Microsoft: I think you have to look at the commercial aspects. If companies operating a pure open-source route can be commercially viable and make money then it becomes a commercial business model. It does have an impact on programmers and developers who chose to make their living writing code.

Also I want to respond to the inference that proprietary software is crap. When you show your software to the number of people that we show our software to, then you don't get to behave like that. There is a misconception that because your code is open and readable that A, people will read it and B, people will recognise good quality and will have good practise in writing code. Actually one of the big challenges for the Linux community and as their product becomes more complex, then how do you put the systems in place to ensure quality? If you look at some of the things that have gone on in terms of the community doing code-review, then the community is not interested -- the community is interested in building stuff for itself. So, I would take issue with that, they have just as many bugs as we have. I would even argue in other circumstances that we have less. We all have bugs in software, so to argue that closed or open is crap is a gratuitously silly thing to say.
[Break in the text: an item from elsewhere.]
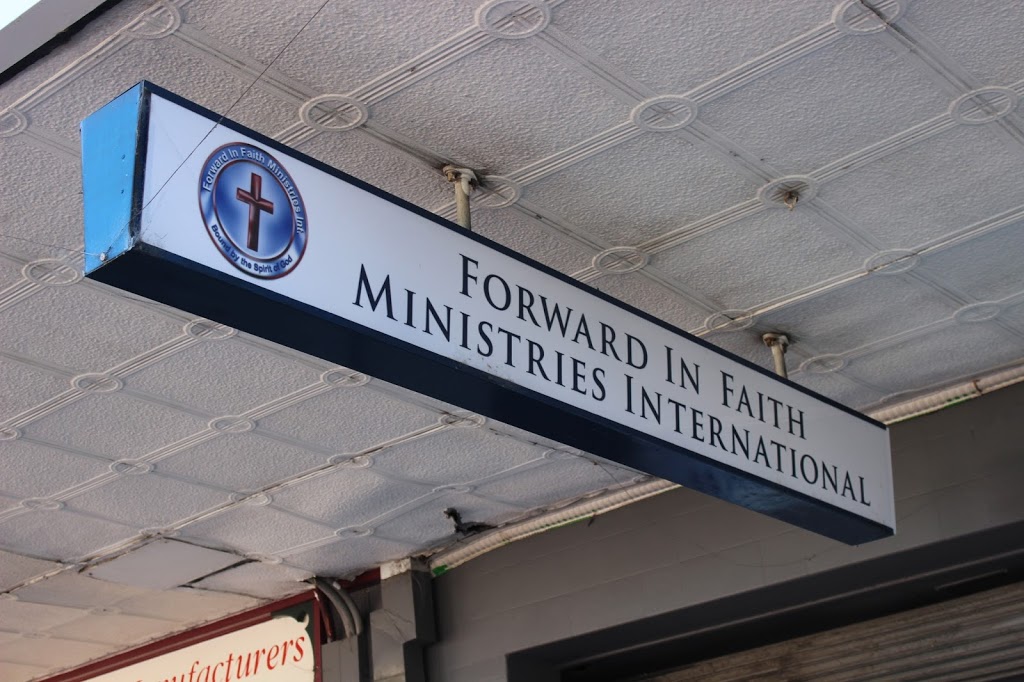 Forward In Faith International Ministries Australia | church | 5-7 Swettenham Rd, Minto NSW 2566, Australia | 0296021600 OR +61 2 9602 1600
Question: There a lot of people on the panel today from different organisations, with different viewpoints. How are you going to work together to make Linux a unified platform?
Samba/HP: The GPL is what keeps everything on a level playing field, it is the ultimate Darwinian system. The GPL is what ties and binds everything together.

Red Hat: We make sure our engineers are deeply involved in the community. They are maintainers, they are contributors -- 100 percent of what they write gets contributed back -- they are involved with the process and create elements of software that will go in the right direction and are in line with where maintainers are taking code.